* [REQUIRED WORK]
The data that follows must be transcribed in full and exactly, minus the pictures.

* [EXTRACTED INFORMATION]
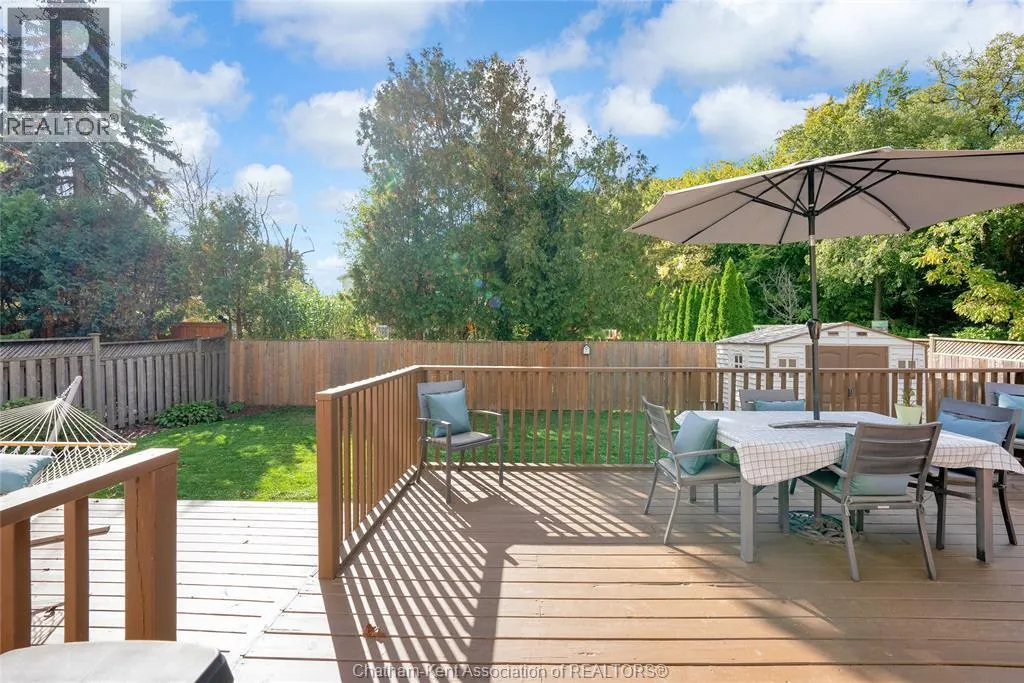 116 Thornhill CRESCENT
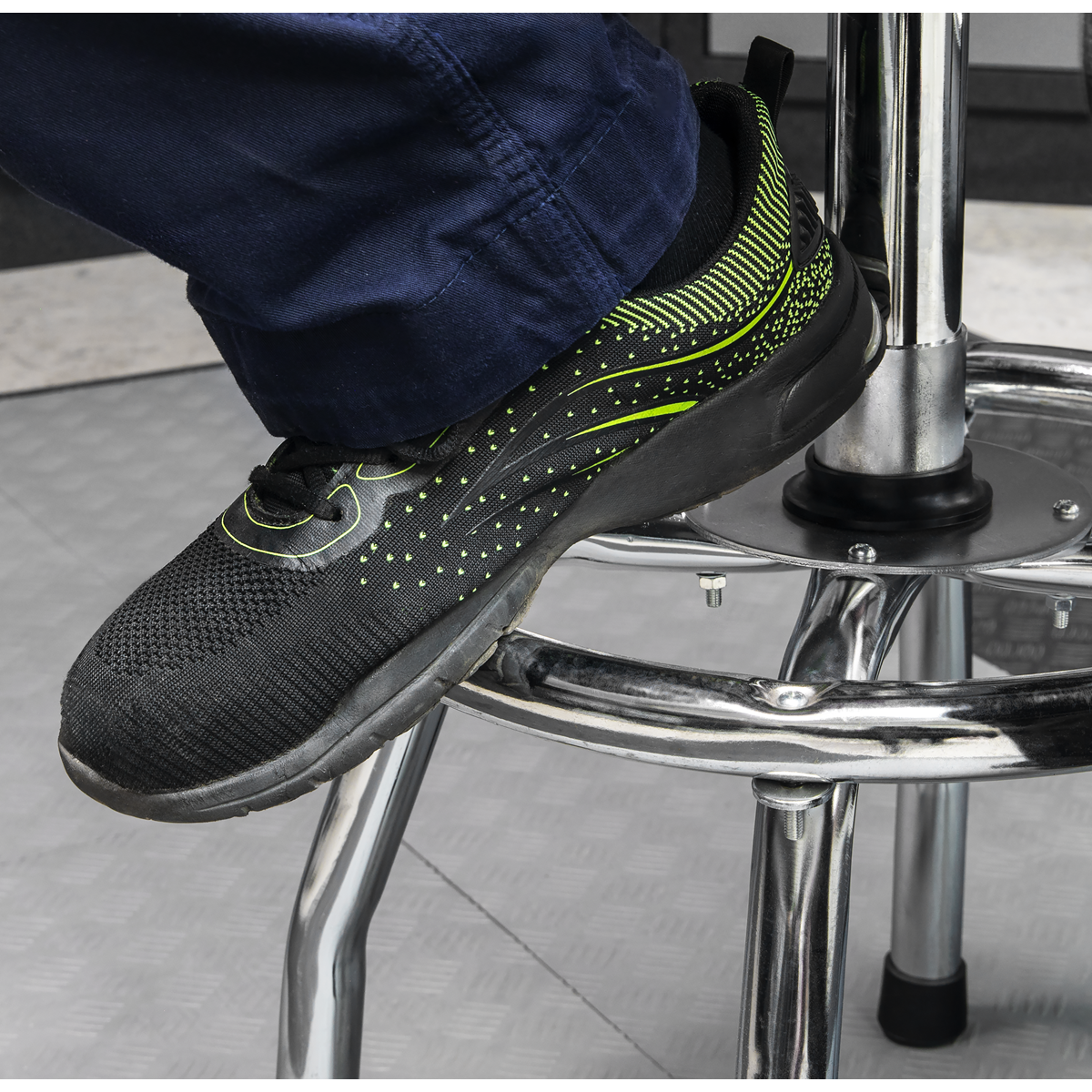 Pneumatic Stool Heavy-Duty Workshop with Adjustable Height S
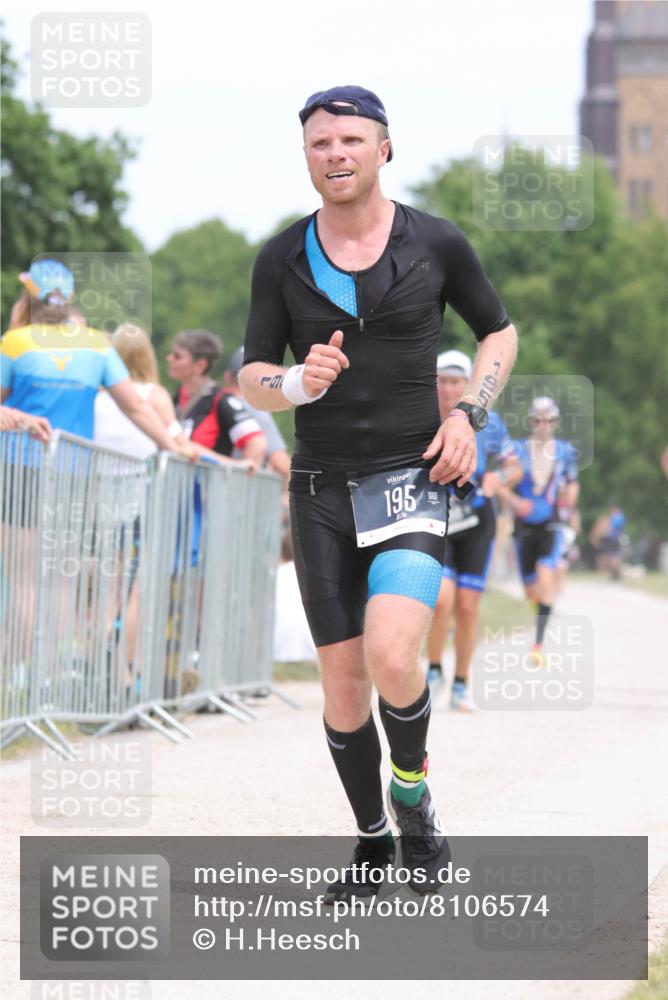 22.06.2025 - Viking Triathlon H.Heesch http://msf.ph/oto/8106574 22.06.2025 14:29:09 Laufen 195, 286, 602 meine-sportfotos.de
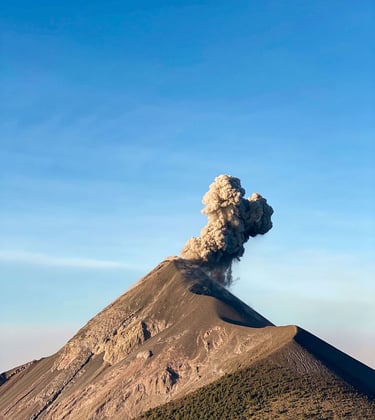 Vue sur le volcan Fuego en éruption depuis l'Acatenango, au Guatemala.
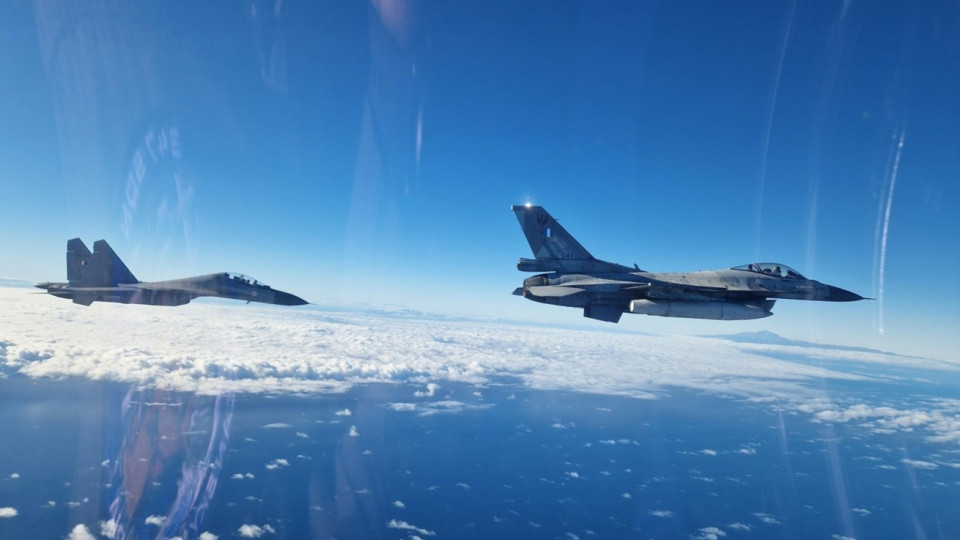 Τα ελληνικά F-16 αναχαίτισαν drone από τον Λίβανο λίγο πριν μπει στην Κύπρο – Eπέστρεψε πτήση της Aegean στην Αθήνα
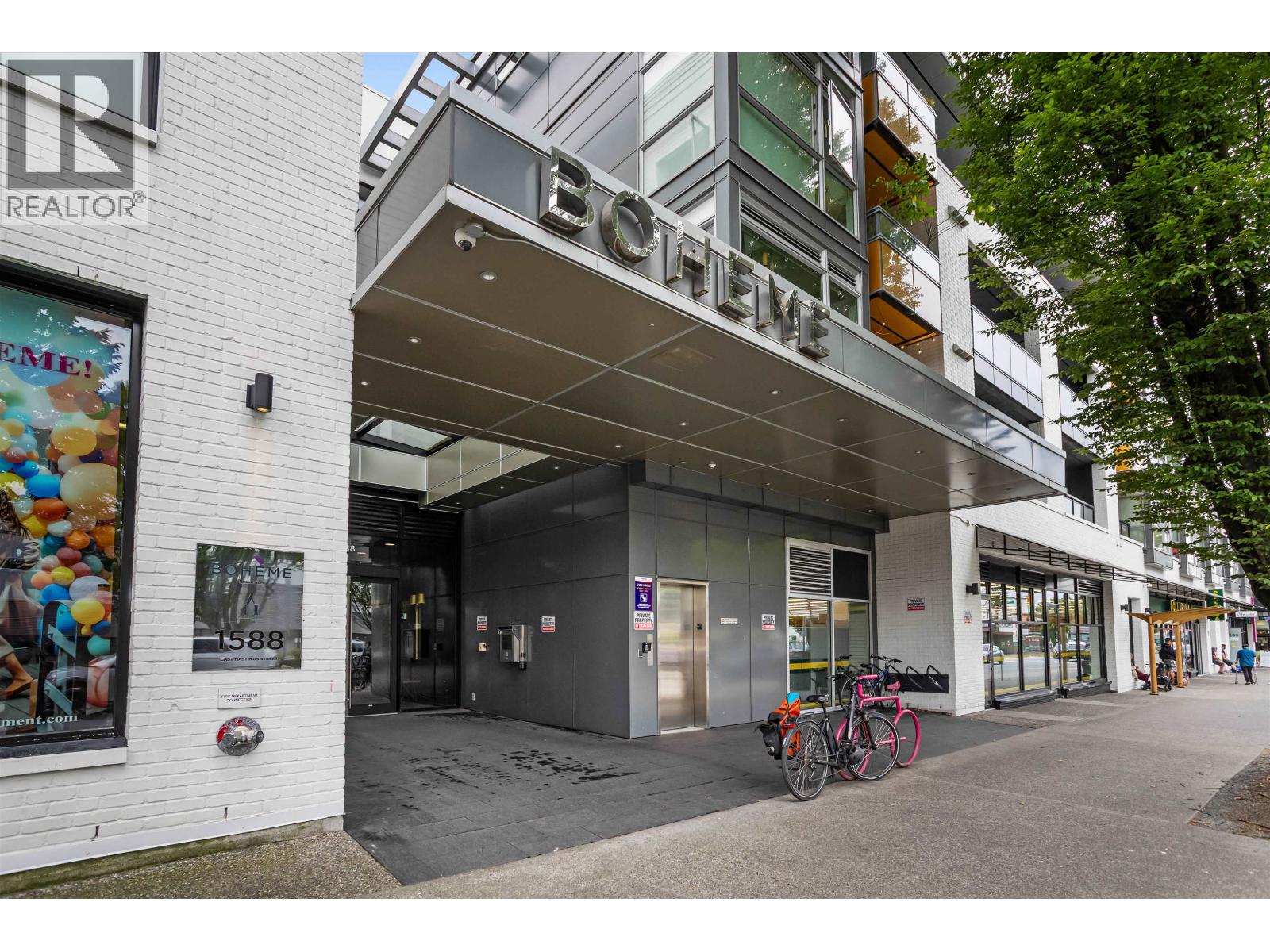 211 1588 E HASTINGS STREET Property Photo 1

* [ANSWER SPACE]
 116 Thornhill CRESCENT
 Pneumatic Stool Heavy-Duty Workshop with Adjustable Height S
 22.06.2025 - Viking Triathlon H.Heesch http://msf.ph/oto/8106574 22.06.2025 14:29:09 Laufen 195, 286, 602 meine-sportfotos.de
 Vue sur le volcan Fuego en éruption depuis l'Acatenango, au Guatemala.
 Τα ελληνικά F-16 αναχαίτισαν drone από τον Λίβανο λίγο πριν μπει στην Κύπρο – Eπέστρεψε πτήση της Aegean στην Αθήνα
 211 1588 E HASTINGS STREET Property Photo 1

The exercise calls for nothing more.